■ What you will do
A picture should never appear in your copy. Transcribe the listing exactly from its first line through the line with "This is a brand-new", both ends included.

== == ==

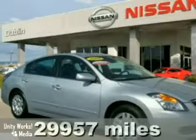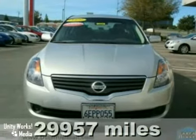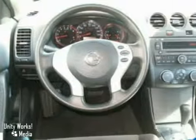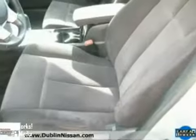It's a certified 2009 Nissan Altima. It has a tire pressure monitoring system, dual airbags, and a multifunction steering wheel. And it even features cruise control and air conditioning.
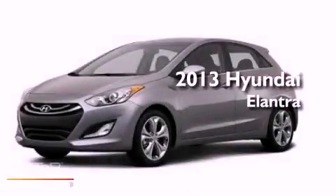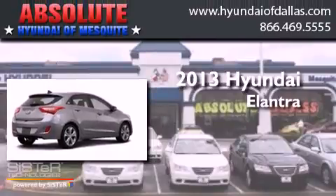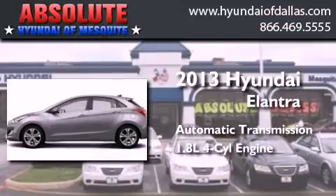This is a brand-new 2013 Hyundai Elantra. This four-door sedan has an automatic transmission and an inline four-cylinder engine.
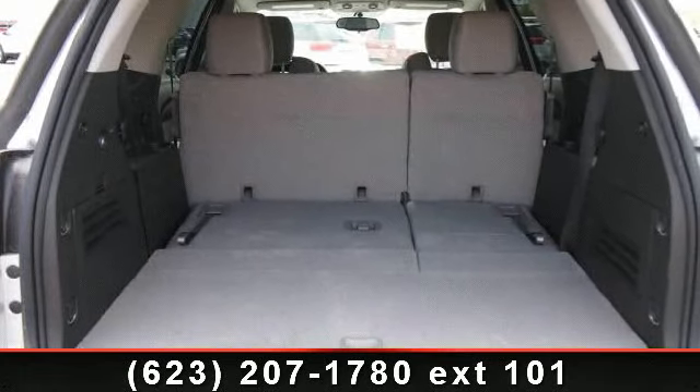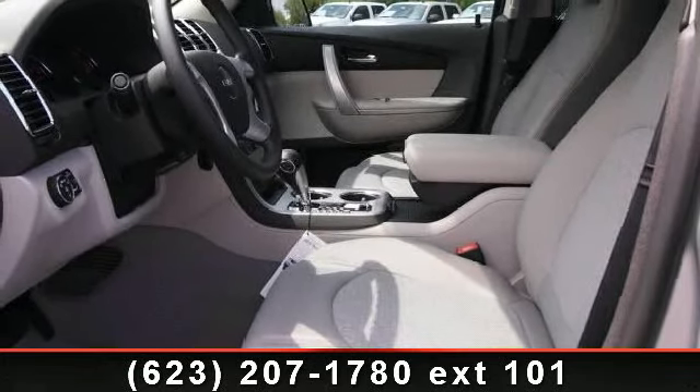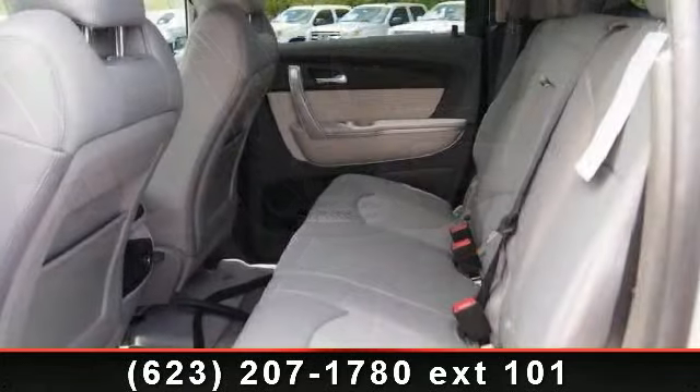Low mileage is an important factor in your purchase and this vehicle delivers a low odometer reading. Don't let this vehicle get away — call or click to schedule a test drive today.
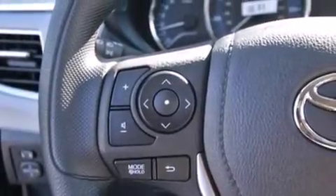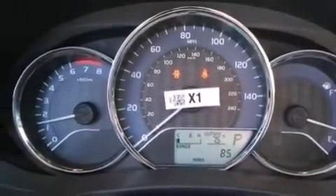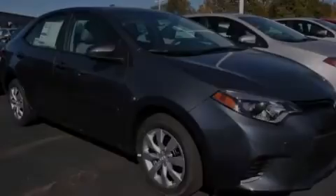Rear seat child-proof door locks, steering wheel mounted controls, full power accessories, a rear window defroster, and an auxiliary power outlet. Contact us today to arrange your test drive.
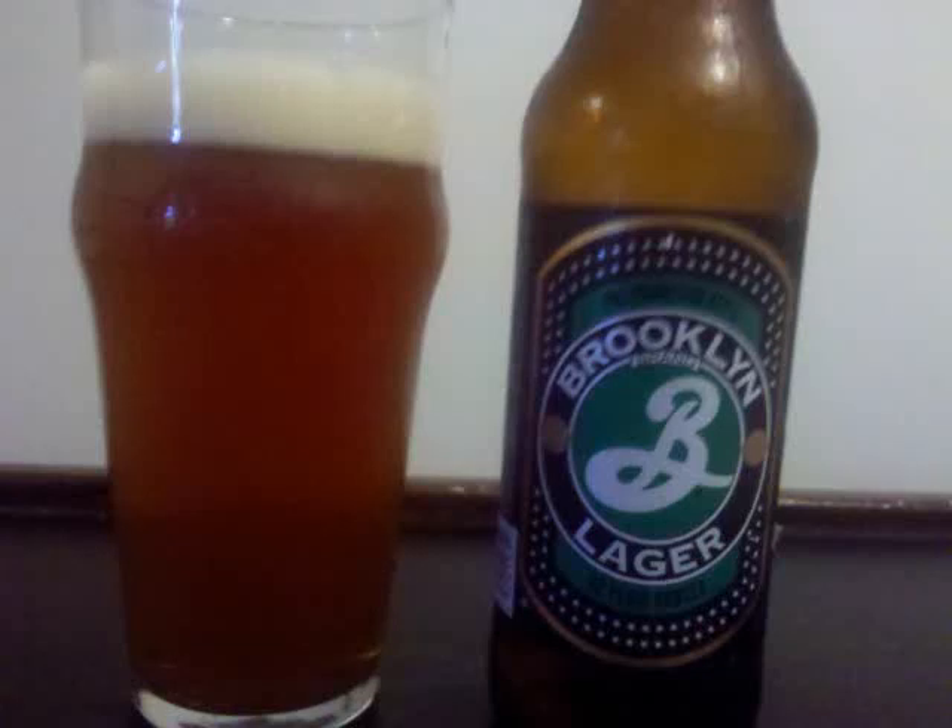Brooklyn Lager is an American Red Lager with 5.2% ABV. It's a light brown colored brew, fairly cloudy with lots of little rising bubbles, and a medium sized cream colored head.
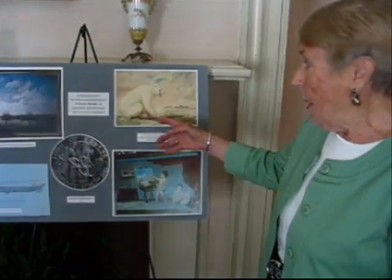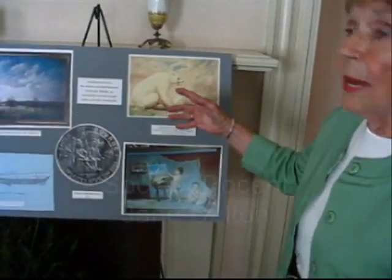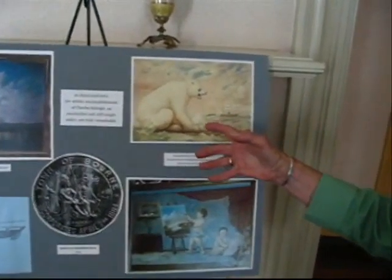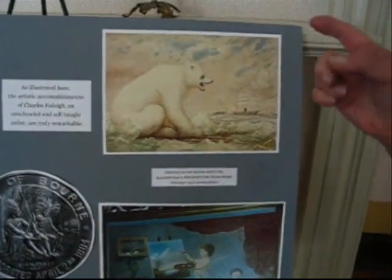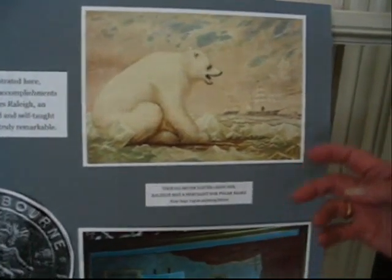He loved polar bears and never had seen one, so he had a penchant for painting polar bears and there are some wonderful paintings here. There's a wonderful one in the other room which you can see at the Historical Society Museum.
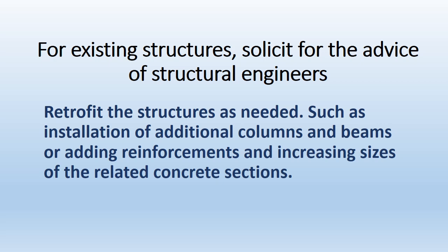For existing structures, solicit the advice of structural engineers and retrofit the structures as needed. This may include installation of additional columns and beams, adding reinforcements, or increasing the sizes of the relevant concrete sections.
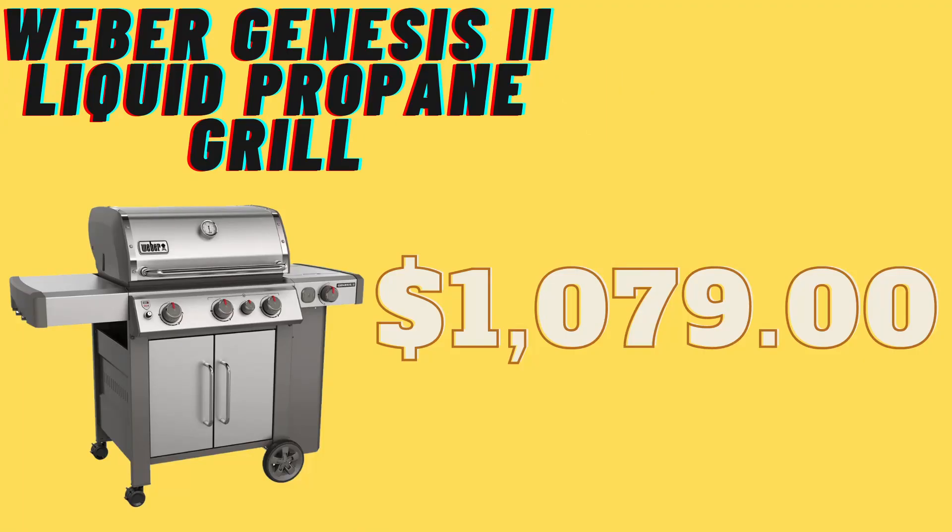It has infinite control burner valves and a sear station that creates an intense heat zone to quickly add sear marks on meat — really awesome. The dimensions with the lid open are 62 inches height, 59 inches wide, and 31 inches depth. Lid closed: 47 inches height, 59 inches width, and 29 inches depth. The primary cooking area is 513 square inches. Solid 7mm stainless steel rod cooking grates provide superior heat retention. 3D interactive assembly instructions are available through the free BILT app.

== == ==

■ Exercise answer
It's a certified 2009 Nissan Altima. It has a tire pressure monitoring system, dual airbags, and a multifunction steering wheel. And it even features cruise control and air conditioning.
This is a brand-new 2013 Hyundai Elantra. This four-door sedan has an automatic transmission and an inline four-cylinder engine.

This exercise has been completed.